Front facade of Madonna della Strada Chapel (Photo: Loyola University)

The rose windows are the biggest source of confusion because Miller and another craftsman-artist Karl Hackert submitted designs for them, and while no letter ever expressed that they chose Hackert over Miller, recent research done by a Loyola student, Guy Valponi, shows a clear leaning toward Hackert as the final executor of the windows. Father Mertz, the priest in charge of the project, expressed that Hackert’s work was a lot cheaper and higher quality, although there are also reasons to believe that Mertz’s strong personality and Edgar’s devotion to art over practical costs came into conflict, and caused a rift between the two. 



Still, the rose window design looks very similar to Miller’s sketches for the project, and exhibit his distinct design patterns, such as the use of clovers and a primitive aesthetic. It is completely possible that they used Miller’s designs but commissioned Hackert to execute them, due to his ability to work at a cheaper rate. Unfortunately, a definitive answer to this quandary is unavailable due to a lack of existing records. 


Sketch of proposed rose windows by Miller (Photo by Alexander Vertikoff; Image courtesy Aldinger Collection)


On the front facade of the building are four relief sculptures, depicting the Four Evangelists, and though they aren’t officially credited as Edgar Miller’s work, the overall appearance combined with evidence that Miller worked with Rebori on other aspects of the chapel’s design, leads many to believe that Miller was responsible for their design and probably their execution, too.

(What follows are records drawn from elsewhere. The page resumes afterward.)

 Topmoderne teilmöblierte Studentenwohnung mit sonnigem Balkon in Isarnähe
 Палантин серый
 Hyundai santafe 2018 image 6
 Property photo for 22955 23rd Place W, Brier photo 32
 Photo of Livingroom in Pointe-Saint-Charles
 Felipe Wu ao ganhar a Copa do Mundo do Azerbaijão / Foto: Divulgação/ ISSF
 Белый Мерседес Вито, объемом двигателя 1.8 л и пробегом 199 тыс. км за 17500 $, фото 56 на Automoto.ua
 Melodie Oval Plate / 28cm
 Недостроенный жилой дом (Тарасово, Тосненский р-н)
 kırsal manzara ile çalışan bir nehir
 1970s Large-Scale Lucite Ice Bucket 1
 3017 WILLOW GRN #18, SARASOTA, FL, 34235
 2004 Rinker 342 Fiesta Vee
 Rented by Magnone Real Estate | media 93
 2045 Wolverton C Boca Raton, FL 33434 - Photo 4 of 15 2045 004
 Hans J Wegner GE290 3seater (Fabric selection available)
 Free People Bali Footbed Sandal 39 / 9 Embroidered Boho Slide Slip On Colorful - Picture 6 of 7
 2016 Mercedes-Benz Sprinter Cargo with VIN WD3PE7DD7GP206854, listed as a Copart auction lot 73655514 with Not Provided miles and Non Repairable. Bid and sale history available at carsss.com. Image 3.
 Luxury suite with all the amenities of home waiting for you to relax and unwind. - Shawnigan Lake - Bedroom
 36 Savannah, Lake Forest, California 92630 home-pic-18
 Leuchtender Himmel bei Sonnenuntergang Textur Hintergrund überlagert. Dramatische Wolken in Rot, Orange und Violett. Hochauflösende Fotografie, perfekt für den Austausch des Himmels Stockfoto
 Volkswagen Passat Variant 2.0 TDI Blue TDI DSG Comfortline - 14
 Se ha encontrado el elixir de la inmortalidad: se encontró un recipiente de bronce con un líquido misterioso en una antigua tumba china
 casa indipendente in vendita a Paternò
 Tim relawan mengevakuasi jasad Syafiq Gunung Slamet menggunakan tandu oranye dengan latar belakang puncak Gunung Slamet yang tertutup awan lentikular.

Vintage images of the bas relief sculptures before they were attached to the front facade of the chapel:


It is unclear what Edgar specifically created inside the chapel, though there are many pieces that remind us of his work. It is known that Miller submitted a proposal for the Stations of the Cross to be done as an elaborate mosaic, which would have wrapped completely around the chapel nave. It was dismissed as completely unfeasible because of the limited, Depression-era budget, and another artist was chosen to paint the Stations. Though it remains unclear what work is Edgar’s, we were impressed by the mosaics in the building's crypt and in the Madonna della Strada Shrine to one side of the chancel. Valponi remarks that the evidence points to Hackert as the executor for the North American Martyrs Shrine, but limited information on the Madonna della Strada Shrine leaves us wondering about its creator. The mosaic work as well as the stained glass windows in the Madonna Shrine have strong stylistic similarities to Miller's aesthetic. The color scheme and geometric patterns resemble the chapel’s rose window, so again, it is entirely possible Miller's designs were used but he was not the executor. 

Images of the crypt mosaics and the Madonna Shrine:


Photo: Larry Zgoda

Ceiling and wall mosaics, stained glass windows, and cast bronze plaques in the Madonna Shrine show resemblance to Miller's style

Angel plaques which bear a strong similarity to the Madonna and Child sculpture credited to Miller (see below)


Even woodcarvings in the rectory exhibit zigzag patters and a bas relief image of a Madonna and Child that seem peculiarly evocative of Miller’s artistic style and design sensibilities, but there is no clear record of who created them. The Loyola theology professor who gave us our tour, John Paul Salay, also took us into the bell tower where they store a bronze sculpture of a similar Madonna and Child. This sculpture, more than any other, seems clearly the work of Miller’s and is reported to have offended Father Mertz for overly resembling the statuary of Eastern religions. It was meant to sit at the alter of the chapel, but because it didn’t align with Mertz’s tastes, was relegated for many years to a spot on a wall outside the building, only to then find its way to its current storage area in the bell tower.


Carving of Madonna and Child in the chapel rectory

Madonna and Child credited to Miller, now in storage

If anything, our visit to the chapel created more questions than answers, but regardless, we are glad to have experienced such a beautiful building with so many interesting works of art.